■ Work instructions
Below are some entries. Repeat exactly the lines from the one with "Atakent Mesire Girişinde" through the one with "Face to North", and only those.

■ Data to examine
::::

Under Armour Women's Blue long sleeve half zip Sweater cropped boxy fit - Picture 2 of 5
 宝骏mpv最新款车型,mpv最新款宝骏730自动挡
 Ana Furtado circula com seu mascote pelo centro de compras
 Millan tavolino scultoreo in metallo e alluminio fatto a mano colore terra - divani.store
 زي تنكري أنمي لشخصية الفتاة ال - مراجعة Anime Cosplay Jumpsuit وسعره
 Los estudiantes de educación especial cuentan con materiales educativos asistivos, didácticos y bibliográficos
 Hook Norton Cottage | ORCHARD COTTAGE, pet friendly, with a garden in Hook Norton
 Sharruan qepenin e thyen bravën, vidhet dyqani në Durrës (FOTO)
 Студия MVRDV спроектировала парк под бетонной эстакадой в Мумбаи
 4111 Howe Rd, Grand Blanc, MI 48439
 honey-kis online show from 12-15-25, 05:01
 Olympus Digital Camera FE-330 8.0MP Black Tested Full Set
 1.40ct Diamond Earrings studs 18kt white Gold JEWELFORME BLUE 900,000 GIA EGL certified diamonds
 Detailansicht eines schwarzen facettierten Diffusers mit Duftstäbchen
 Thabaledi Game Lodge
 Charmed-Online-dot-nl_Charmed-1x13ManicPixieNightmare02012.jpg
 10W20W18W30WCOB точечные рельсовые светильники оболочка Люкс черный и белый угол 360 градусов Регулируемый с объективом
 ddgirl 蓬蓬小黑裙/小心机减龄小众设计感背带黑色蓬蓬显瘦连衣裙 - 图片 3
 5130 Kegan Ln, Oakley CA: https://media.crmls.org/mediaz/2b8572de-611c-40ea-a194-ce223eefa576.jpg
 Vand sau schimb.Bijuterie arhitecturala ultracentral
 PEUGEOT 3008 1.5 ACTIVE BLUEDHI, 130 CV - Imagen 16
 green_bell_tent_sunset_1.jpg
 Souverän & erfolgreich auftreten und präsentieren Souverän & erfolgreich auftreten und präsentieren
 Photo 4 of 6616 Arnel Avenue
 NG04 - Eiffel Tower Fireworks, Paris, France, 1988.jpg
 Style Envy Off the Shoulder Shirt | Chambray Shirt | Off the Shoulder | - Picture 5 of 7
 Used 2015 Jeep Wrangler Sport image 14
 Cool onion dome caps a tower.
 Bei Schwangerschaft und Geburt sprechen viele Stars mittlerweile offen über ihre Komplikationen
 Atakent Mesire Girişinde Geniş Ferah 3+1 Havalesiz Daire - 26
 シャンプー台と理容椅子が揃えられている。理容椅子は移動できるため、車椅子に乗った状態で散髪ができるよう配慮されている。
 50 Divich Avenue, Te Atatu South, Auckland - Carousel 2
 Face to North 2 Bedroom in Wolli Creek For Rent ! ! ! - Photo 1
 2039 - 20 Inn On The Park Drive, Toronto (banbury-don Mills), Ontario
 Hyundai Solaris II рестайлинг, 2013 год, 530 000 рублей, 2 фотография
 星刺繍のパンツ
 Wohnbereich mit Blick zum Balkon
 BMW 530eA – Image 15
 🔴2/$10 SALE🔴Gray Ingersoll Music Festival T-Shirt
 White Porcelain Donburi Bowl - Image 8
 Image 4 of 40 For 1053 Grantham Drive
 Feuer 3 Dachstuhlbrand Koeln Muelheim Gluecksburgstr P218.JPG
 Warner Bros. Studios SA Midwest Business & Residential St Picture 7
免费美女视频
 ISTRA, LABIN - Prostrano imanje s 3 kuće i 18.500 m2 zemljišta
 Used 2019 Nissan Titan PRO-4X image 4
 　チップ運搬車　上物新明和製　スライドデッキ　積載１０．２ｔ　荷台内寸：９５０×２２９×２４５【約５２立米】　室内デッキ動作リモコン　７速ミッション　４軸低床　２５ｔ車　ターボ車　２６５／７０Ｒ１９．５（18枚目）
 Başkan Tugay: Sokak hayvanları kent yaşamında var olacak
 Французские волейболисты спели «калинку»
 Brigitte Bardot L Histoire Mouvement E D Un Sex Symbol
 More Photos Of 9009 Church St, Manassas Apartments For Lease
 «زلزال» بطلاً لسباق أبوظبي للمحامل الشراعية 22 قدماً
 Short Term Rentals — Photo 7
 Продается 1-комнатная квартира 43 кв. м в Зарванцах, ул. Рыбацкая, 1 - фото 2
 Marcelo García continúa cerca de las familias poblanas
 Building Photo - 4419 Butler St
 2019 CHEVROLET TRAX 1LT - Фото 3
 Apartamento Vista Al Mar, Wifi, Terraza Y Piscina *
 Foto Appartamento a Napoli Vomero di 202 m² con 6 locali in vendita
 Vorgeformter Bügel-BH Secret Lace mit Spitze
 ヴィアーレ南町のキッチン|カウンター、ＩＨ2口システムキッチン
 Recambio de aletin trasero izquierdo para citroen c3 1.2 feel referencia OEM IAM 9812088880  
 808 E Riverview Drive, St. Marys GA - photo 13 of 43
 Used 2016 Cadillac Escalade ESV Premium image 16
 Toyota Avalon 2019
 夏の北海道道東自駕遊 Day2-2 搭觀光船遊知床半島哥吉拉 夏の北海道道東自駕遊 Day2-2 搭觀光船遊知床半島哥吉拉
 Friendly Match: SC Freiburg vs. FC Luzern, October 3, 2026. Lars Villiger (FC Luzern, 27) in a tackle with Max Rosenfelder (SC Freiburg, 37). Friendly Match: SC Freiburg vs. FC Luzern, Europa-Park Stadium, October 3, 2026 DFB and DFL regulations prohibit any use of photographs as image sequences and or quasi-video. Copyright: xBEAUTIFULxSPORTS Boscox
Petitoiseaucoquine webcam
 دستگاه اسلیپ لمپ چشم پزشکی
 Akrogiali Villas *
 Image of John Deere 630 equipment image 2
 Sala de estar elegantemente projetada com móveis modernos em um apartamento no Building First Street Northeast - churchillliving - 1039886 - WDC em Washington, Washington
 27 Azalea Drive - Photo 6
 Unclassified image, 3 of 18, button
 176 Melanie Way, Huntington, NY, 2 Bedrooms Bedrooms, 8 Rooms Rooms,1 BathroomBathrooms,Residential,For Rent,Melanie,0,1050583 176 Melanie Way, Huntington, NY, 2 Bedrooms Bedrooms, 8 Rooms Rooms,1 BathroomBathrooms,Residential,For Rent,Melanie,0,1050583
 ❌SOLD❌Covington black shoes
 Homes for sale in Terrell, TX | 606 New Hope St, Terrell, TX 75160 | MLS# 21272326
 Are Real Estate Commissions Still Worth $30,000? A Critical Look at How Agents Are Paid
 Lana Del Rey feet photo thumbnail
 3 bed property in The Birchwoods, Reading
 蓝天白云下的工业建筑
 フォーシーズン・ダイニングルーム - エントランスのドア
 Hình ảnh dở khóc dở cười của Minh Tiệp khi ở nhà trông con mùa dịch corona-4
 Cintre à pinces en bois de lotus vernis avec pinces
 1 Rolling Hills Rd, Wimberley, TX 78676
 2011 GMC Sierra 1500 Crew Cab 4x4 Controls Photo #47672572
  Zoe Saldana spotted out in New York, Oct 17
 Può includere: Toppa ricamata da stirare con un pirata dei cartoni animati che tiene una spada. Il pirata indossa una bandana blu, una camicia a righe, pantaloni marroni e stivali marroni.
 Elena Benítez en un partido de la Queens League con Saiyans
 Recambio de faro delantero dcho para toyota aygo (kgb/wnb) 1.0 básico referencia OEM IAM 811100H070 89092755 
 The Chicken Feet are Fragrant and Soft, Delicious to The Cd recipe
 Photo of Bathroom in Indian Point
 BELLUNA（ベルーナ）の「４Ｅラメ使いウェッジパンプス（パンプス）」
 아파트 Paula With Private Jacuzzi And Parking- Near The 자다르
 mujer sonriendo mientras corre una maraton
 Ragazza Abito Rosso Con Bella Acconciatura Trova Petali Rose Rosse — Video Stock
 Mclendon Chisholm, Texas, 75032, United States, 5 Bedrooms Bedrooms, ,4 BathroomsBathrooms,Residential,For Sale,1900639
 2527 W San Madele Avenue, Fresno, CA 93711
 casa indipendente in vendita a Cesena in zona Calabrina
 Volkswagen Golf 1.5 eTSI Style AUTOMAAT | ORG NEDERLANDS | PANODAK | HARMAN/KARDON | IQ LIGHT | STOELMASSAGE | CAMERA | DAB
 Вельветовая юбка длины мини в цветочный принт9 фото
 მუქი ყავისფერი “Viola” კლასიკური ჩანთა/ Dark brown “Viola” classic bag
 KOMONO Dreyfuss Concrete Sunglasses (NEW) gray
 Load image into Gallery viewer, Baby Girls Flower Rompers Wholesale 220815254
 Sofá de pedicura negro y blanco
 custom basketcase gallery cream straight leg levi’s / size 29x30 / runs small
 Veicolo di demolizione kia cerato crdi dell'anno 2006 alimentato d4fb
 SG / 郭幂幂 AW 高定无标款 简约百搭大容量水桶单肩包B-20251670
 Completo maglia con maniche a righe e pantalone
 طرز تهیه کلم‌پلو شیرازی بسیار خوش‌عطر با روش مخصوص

::::

■ Result of this task
 Atakent Mesire Girişinde Geniş Ferah 3+1 Havalesiz Daire - 26
 シャンプー台と理容椅子が揃えられている。理容椅子は移動できるため、車椅子に乗った状態で散髪ができるよう配慮されている。
 50 Divich Avenue, Te Atatu South, Auckland - Carousel 2
 Face to North 2 Bedroom in Wolli Creek For Rent ! ! ! - Photo 1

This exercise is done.